Vedremo, naturalmente, come evolverà la situazione e quali decisioni prenderà la politica. Vedremo quanto la cura dei nostri interessi (che non è una cosa brutta, e bisognerà pure che la politica lo spieghi senza complessi) troverà un punto di equilibrio con la difesa di ideali umanitari sacrosanti, sia pensando alle vittime dell’Is in territori altri rispetto ai nostri, sia guardando in faccia la tragedia di quel che succede ogni giorno nel Mediterraneo in mano agli scafisti. Vedremo tutto questo. Nel frattempo, già da oggi, ci troviamo di fronte a un dilemma antico, a un problema mai risolto: possiamo accettare che l’unica frontiera accettabile, l’unica cosa che possiamo fare sia una guerra? Ci dividiamo – ci divideremo anche questa volta – tra chi dice, soprattutto a sinistra, no alla guerra, senza se e senza ma, e chi, per ideale umanitario o tutela di interesse, con in mezzo ogni gradazione, dice che fare la guerra si può e si deve. Discussione attraversate tante volte, negli anni, e più vivide che mai quando, “appena” sedici anni fa, al governo c’era un altro leader della sinistra italiana, Massimo D’Alema, e fu proprio lui e il suo governo (nato dopo aver fatto lo scalpo a Prodi) a decidere un intervento, in Kosovo, contro la pulizia etnica del tiranno Milosevic. Le differenze sono tantissime, ma le similitudini sono forti e non mancano: oggi, come allora, la tragedia è vicina, vicinissima. Oggi più di allora allora governa il leader riconosciuto del centrosinistra italiano. Oggi, più di allora, i nostri interessi economici e di sicurezza nazionale sono in gioco in modo lampante, assieme alle violazioni dei diritti umani. Oggi, più di allora, i rischi e le opportunità di una campagna bellica sono elevati, e una valutazione accurata di tutti i fattori è un dovere.

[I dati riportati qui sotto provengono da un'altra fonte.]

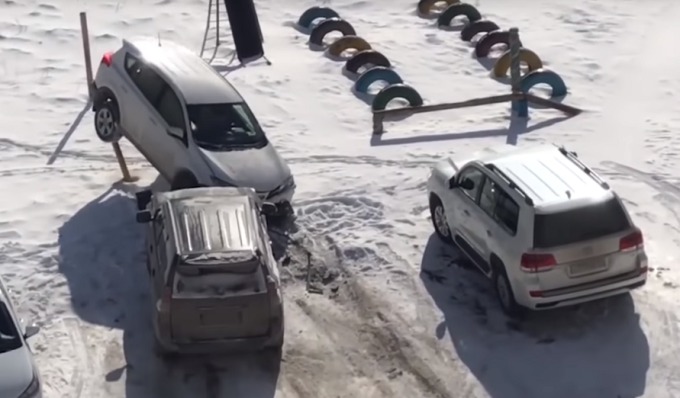 Un şofer rus beat a făcut dezastru în parcare.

Un dovere come quello di confrontarsi con la realtà, complessa, di un’emergenza umanitaria e di enormi rischi, strettamente connessi. Un dovere da affrontare con maturità politica e umana, pensando con attenzione alle forza in campo, alle nostre reali capacità militari, politiche e diplomatiche, a chi è davvero il nemico sul campo, a quanto male può farci se facciamo una guerra, e a quanto male può farci se, invece, non la facciamo. Perché dire “guerra giusta” è sempre complicato, e senza un solido apparato di valutazioni complessive, ideali e materiali, è davvero impossibile. Insomma, siamo in uno di quei momenti topici della storia, attraversiamo uno di quei tempi decisivi in cui si diventa grandi, o ci si fa molto male. Vale per tutti noi e, in particolare, per una generazione politica nuova – quella di Renzi – che ha lungamente rivendicato egemonia e oggi è al potere. Sulla Libia non ci saranno chiamate d’appello, non ci saranno seconde chance. O si diventa grandi, o si muore.